The "log" in (logand) and (logior) stands for "logical bitwise," meaning basically "when considered
in terms of the component bit values that make up the integers in question." "Boole" is the name of
a mathematician who's memorialized in a system of logical operations.

Laymen's explanation of (logand):

The "and" stands for the logical or Boolean "and" function, which [in AutoLisp-type terms] returns
True only if *every* thing being looked at has the characteristic being tested for -- this *and*
that *and* the other thing are *all* True, so the "and" combination is, too. If any of them are
*not* True, then neither is the combination.
The (logand) function, when applied to a set of integers is asking the question: "What power-of-2
component bits are a part of the makeup of *all* of these integers?" It returns an integer that is
the *sum* of all of those bits shared by *all* of the numbers being looked at.
So, to use Help's examples:
(logand 7 15 3) returns 3, because *all* of those numbers [1+2+4, 1+2+4+8, 1+2] are made up of
combinations that include a 1 and a 2 [which together constitute the 3 that is returned], and those
are the only bits that are contained in all of those numbers.
(logand 2 3 15) returns 2, because those numbers all have the 2 bit in them, and no others in
common.
(logand 8 3 4) return 0, because those numbers [8, 1+2, 4] share no common bits.
This can be used, for example, to determine whether a particular Object Snap mode is set. For
example, Intersection is represented by 32, so if the value of OSMODE is the sum of a combination of
bits that includes 32, then Intersection mode is set. The question is: "Do the number 32 and the
value of OSMODE share any bits?" [Since 32 is itself a power of 2, it's the only one they can
possibly share.] Or, in AutoLisp terms:
(logand 32 (getvar 'osmode))
That will return 32 if they do, that is, if Intersection mode is set, because 32 is the sum of all
the bits the two number share.
You can also look at combinations. For example, Endpoint is 1 and Midpoint is 2; you can ask
whether the sum of those [3] and OSMODE share any bits, the same way:
(logand 3 (getvar 'osmode))
If that returns 1, then Endpoint is set, but not Midpoint; if it returns 2, it's the other way
around; and if it returns 3, both are set.

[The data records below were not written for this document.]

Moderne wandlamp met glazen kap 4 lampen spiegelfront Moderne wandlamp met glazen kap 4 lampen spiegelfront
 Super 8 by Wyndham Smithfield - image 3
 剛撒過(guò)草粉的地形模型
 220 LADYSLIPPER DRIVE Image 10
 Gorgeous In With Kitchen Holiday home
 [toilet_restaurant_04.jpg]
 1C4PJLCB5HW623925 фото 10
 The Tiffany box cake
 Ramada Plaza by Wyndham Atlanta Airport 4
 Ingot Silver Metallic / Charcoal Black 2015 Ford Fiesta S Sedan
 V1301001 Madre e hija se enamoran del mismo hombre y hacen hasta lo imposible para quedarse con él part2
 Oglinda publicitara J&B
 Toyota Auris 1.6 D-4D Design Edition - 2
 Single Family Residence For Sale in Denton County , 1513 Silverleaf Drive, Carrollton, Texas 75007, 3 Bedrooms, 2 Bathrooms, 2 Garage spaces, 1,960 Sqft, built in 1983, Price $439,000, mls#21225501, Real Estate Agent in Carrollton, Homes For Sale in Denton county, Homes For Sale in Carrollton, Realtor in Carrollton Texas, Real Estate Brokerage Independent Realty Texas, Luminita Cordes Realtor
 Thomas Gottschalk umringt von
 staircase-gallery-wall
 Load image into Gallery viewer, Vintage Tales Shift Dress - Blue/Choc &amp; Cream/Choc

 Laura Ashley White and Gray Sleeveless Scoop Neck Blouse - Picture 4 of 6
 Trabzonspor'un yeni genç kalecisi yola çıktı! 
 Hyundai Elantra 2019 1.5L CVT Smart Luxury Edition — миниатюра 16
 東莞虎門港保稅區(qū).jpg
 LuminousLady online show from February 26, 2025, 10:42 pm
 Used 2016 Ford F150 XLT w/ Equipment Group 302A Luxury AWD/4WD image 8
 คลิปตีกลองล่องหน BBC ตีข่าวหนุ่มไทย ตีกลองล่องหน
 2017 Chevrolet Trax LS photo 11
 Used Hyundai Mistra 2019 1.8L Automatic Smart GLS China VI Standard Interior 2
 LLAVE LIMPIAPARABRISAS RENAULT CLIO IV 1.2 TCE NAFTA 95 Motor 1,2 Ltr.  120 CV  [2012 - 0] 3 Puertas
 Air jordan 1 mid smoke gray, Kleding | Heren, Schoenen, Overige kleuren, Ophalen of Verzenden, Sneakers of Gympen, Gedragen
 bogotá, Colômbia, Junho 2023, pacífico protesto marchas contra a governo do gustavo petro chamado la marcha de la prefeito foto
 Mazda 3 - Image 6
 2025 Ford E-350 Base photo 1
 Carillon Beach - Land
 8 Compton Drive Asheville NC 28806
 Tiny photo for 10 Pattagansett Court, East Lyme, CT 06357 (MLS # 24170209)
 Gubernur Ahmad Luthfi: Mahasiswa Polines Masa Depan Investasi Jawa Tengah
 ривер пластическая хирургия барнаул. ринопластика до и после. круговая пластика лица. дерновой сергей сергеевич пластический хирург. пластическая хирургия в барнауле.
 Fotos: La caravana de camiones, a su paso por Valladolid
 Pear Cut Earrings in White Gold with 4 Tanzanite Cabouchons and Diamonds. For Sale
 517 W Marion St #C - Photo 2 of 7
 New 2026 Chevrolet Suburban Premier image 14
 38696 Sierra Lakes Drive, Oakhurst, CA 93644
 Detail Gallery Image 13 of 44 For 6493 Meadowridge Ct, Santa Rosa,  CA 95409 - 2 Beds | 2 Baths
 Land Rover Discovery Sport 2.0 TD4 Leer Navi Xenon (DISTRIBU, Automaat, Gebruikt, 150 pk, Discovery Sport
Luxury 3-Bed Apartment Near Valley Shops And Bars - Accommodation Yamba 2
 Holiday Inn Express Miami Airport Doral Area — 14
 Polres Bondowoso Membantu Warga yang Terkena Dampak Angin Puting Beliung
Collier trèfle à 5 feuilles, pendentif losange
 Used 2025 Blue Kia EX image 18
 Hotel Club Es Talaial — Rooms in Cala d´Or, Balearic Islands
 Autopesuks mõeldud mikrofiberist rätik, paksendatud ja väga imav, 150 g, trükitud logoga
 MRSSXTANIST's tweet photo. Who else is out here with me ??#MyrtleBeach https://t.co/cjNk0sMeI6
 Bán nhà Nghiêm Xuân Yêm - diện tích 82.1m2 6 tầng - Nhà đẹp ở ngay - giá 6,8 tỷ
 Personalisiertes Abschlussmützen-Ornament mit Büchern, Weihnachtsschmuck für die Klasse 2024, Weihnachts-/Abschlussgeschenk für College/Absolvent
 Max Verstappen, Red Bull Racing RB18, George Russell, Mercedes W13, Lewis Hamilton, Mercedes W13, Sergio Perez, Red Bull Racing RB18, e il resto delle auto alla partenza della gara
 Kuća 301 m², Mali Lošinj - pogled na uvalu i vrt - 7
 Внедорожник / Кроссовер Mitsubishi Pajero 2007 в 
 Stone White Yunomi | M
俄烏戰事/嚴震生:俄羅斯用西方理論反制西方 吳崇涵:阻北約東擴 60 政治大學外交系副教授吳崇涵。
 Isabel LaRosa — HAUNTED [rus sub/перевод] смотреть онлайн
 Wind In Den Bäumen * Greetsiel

Laymen's explanation of (logior):

The "ior" part stands for the Boolean "inclusive or" [sometimes just called "or"] function, which
returns True if *any* thing being looked at has the characteristic being tested for -- this *or*
that *or* the other thing is True, so the "or" combination is, too. It's only if *none* of them are
True that the combination therefore is not, either. It's "inclusive" because it includes the
possibility that *more than one* thing may be True, as opposed to the "exclusive or" function which
is True only if *just one* of the things being looked at is True, but *not* more than one of them.
The (logior) function, when applied to a set of integers is asking the question: "What power-of-2
component bits are a part of the makeup of *any* of these integers?" It returns an integer that is
the sum of all of those bits included in *any* the numbers being looked at.
So, to use Help's examples:
(logior 1 2 4) returns 7, because 1, 2, and 4 [which add up to 7] are all contained in at least one
of those numbers [and happen, in this case, to *be* the numbers themselves, which share no common
bits].
(logior 9 3) returns 11, because 9 = 1+8 and 3=1+2, so together they involve 1 [which happens to be
part of both of them, but doesn't get counted twice], 2, and 8, and those three bits add up to 11.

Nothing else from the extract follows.